Clash in the semantic of contains(...) method in CompositeCurve

Martin Desruisseaux added a comment - 19/Jul/11 8:15 AM Actually this class is documented in section 6.1 of ISO 19107: Objects under GM_Primitive will be open, that is, they will not contain their boundary points; (...) Objects under GM_Complex will be closed, that is, they will contain their boundary points. This leads to some apparent ambiguity. A representation of a line as a primitive must reference its end points, but will not contain these points as a set of direct positions. A representation of a line as a complex will also reference its end points, and will contain these points as a set of direct positions. This means that identical digital representations will have slightly different semantics depending on whether they are accessed as primitives or complexes. This difference of semantics is most striking in the GM_CompositeCurve . Composite curves are used to represent features whose geometry could also be represented as curve primitives. From a cartographic point of view, these two representations are not different.
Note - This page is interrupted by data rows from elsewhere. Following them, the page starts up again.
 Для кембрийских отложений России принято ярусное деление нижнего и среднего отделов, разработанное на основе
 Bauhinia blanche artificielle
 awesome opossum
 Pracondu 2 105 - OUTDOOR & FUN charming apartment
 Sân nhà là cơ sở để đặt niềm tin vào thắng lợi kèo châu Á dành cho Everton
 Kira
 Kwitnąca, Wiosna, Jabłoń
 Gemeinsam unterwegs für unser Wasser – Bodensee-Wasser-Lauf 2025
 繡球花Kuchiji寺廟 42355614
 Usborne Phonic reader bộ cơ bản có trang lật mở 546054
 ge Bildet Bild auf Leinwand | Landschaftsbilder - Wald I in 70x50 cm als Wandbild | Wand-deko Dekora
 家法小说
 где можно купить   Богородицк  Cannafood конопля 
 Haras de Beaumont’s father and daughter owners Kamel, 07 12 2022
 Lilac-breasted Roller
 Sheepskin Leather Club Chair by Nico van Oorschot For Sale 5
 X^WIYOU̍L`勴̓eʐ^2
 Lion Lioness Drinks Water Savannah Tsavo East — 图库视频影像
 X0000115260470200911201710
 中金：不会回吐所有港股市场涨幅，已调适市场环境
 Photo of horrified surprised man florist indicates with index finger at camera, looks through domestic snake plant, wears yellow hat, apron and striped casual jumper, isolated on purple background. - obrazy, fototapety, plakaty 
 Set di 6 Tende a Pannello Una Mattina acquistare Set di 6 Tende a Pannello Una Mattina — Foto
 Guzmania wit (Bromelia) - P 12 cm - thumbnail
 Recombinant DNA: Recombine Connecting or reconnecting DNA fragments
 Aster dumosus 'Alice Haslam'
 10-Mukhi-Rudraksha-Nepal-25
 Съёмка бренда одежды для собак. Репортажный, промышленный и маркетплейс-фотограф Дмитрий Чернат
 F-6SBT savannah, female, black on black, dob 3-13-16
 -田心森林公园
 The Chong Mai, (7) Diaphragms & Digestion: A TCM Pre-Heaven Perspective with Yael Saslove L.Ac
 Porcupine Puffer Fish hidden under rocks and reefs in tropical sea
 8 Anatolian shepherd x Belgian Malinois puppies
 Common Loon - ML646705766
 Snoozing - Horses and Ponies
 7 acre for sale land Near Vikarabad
From a topological point of view, they are different. (...) The primary semantics of a GM_CompositeCurve is as a closed GM_Object , but it may also act as an open GM_Object under GM_Primitive operations. Interface protocols depending upon the topological details of this object will have to be distinguished as to whether they have been inherited from GM_Primitive or GM_Complex , where the distinction first occurs. Even though these protocols have been inherited from the same operations defined at GM_Object , they will act differently depending upon the branch of the inheritance tree from which they have inherited semantics. Creators of implementation profiles may take this into account and use a proxy mechanism for realization relationships that cause semantic dissonance. Such a procedure will be necessary in object-oriented programming and databases in systems that disallow multiple inheritance or make limiting assumptions about method binding.